To me this is an amazing example of just how little a change needs to occur in order to correct pain. I don’t believe I actually even moved the tibial mortise but instead just unweighted it a little.

Turning 4

Tuesday, January 6th, 2009

My son is turning four years old tomorrow. It’s a strange way to mark time, having kids. Tonight was the last time I hugged my three-year-old boy. I’m so proud of him!

Fixing You

Tuesday, January 6th, 2009

I have been writing a book detailing some very powerful self-treatment techniques I use to treat patients with chronic pain. It’s been an interesting venture because, in the process of writing the book, I now understand how my subconscious or intuition has been working to guide my treatments. This understanding, in turn, has helped guide my treatments.

Each chapter of the book addressed a different area of the body. For instance neck pain & headaches, shoulder pain, elbow pain, back pain, hip pain, knee pain, foot & ankle pain and back pain & sciatica during pregnancy. The feedback I’ve received is that the information was too technical for laypeople (who happen to be my audience). In the process of breaking the information down even more, each chapter has expanded to become its own book.

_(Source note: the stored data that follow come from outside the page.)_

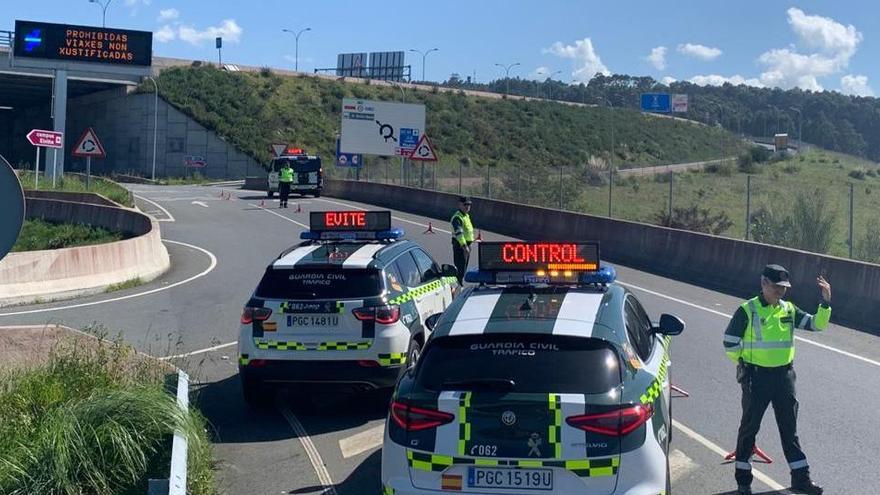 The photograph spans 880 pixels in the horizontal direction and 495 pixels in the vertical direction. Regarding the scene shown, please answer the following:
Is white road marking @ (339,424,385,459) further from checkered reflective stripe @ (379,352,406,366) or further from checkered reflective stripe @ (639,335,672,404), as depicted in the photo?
checkered reflective stripe @ (639,335,672,404)

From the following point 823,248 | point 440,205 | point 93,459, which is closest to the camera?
point 93,459

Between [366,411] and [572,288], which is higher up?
[572,288]

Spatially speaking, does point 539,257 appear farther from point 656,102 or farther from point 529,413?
point 656,102

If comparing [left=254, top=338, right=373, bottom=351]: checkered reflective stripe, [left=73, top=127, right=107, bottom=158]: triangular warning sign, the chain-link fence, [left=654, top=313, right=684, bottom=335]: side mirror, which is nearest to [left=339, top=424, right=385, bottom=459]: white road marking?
[left=254, top=338, right=373, bottom=351]: checkered reflective stripe

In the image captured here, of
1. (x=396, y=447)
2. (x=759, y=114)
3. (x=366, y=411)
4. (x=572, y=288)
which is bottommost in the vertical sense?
(x=366, y=411)

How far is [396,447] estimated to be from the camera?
19.9ft

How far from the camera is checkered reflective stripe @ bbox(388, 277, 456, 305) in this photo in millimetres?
10461

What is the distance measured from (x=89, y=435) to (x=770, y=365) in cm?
482

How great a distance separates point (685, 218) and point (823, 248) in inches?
264

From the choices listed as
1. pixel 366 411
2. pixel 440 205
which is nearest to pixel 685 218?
pixel 440 205

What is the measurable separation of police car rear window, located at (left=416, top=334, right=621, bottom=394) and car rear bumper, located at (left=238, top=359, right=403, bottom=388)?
3.79 m

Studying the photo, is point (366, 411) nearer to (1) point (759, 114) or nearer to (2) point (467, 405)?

The title of the series will be Fixing You. The first book out will be Fixing You: Back Pain and will be followed by seven other books all to be published this year. It will be a busy year for me! My sincerest hope is that these books help the thousands of people out there living with chronic pain. So often with just a little attention to the right areas, pain will vanish. I hope the Fixing You series can guide people to pain-free lives.

Treating Tennis Elbow

Tuesday, January 6th, 2009

I’ve recently stumbled on, what I believe, to be a successful treatment for the elimination of tennis elbow or golfer’s elbow. I was working with a golfer with a history of severe elbow pain. It was so bad that 2 years prior, he had one of his forearm muscles severed by a surgeon to reduce his pain. This worked to some extent but he could still not swing a club or exercise with weights.

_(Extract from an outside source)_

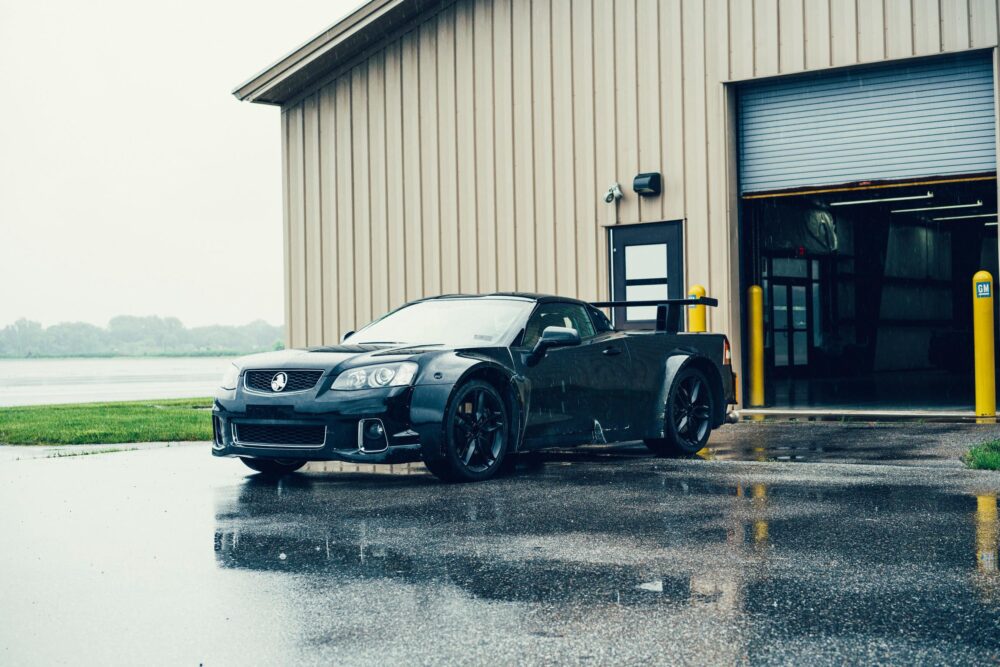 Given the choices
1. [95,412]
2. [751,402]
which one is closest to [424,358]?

Typically my treatment involved painful digging into the forearm muscles to release deep trigger points and gain temporary relief. But the pain from tennis elbow always returned. I would’ve done the same with my golfer but the surgeon severed the very muscle I usually targeted! Obviously the pain was coming from somewhere else.

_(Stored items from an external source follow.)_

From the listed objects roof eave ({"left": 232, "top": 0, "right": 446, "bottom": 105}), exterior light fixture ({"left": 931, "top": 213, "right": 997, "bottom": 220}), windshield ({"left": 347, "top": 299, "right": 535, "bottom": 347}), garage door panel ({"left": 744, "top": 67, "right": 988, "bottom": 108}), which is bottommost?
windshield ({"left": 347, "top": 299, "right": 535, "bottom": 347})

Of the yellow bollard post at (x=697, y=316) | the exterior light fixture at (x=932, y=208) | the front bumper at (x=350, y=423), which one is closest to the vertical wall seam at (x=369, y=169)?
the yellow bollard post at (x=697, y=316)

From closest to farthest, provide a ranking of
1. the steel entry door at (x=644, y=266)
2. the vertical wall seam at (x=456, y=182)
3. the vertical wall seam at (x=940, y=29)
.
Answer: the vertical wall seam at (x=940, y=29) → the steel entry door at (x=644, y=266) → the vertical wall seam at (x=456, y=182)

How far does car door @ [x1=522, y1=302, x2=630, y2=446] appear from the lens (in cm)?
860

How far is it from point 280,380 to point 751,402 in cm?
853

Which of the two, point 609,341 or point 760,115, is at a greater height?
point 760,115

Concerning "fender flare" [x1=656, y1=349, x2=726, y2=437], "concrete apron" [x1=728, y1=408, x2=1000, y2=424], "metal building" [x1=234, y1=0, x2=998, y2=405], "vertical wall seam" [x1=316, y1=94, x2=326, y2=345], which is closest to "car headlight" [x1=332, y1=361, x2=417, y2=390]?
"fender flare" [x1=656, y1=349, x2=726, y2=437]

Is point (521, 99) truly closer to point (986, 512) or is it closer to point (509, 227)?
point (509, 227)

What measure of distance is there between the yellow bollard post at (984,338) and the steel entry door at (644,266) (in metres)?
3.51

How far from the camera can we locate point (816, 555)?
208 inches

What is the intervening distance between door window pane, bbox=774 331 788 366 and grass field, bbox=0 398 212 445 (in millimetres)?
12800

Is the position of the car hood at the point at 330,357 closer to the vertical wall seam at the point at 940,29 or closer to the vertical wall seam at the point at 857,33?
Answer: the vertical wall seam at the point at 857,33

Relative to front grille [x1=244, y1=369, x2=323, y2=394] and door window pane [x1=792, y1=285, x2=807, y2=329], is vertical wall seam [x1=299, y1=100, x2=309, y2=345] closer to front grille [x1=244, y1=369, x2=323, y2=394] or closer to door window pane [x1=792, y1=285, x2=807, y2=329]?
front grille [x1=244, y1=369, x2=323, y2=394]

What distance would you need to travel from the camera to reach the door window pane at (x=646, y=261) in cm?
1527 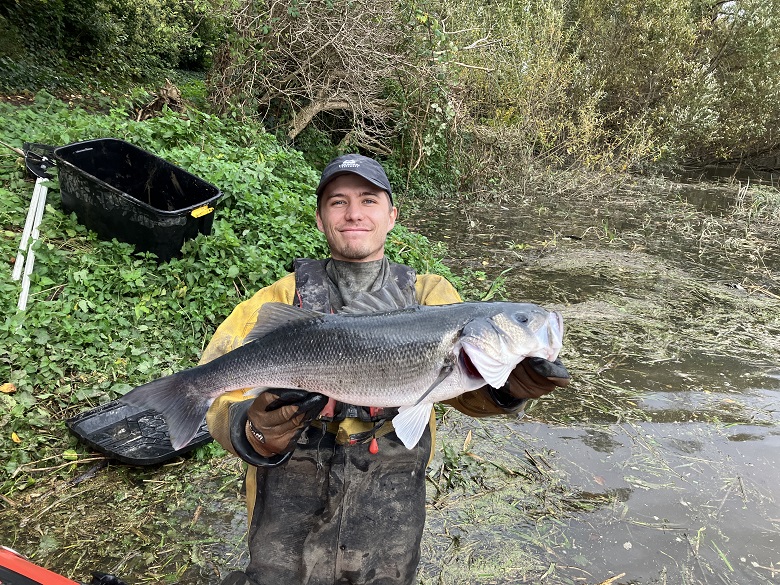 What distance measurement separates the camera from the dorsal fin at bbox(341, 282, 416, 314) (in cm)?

I was working with his shoulder, fixing problems there when I noticed a subtle change in his club head angle. After evaluating his forearm I found his forearm rotators were not working correctly. I developed a treatment for them which I thought should remedy the issues I encountered and he was completely pain-free within one minute. His pain returned slightly next week so I treated him again and the pain was gone for good.

I’ve since tested this treatment out on a few others with similar results. I’m writing a series of books and one is about elbow pain, in which I will include this new simple treatment. I’m very excited and hope others have similar results.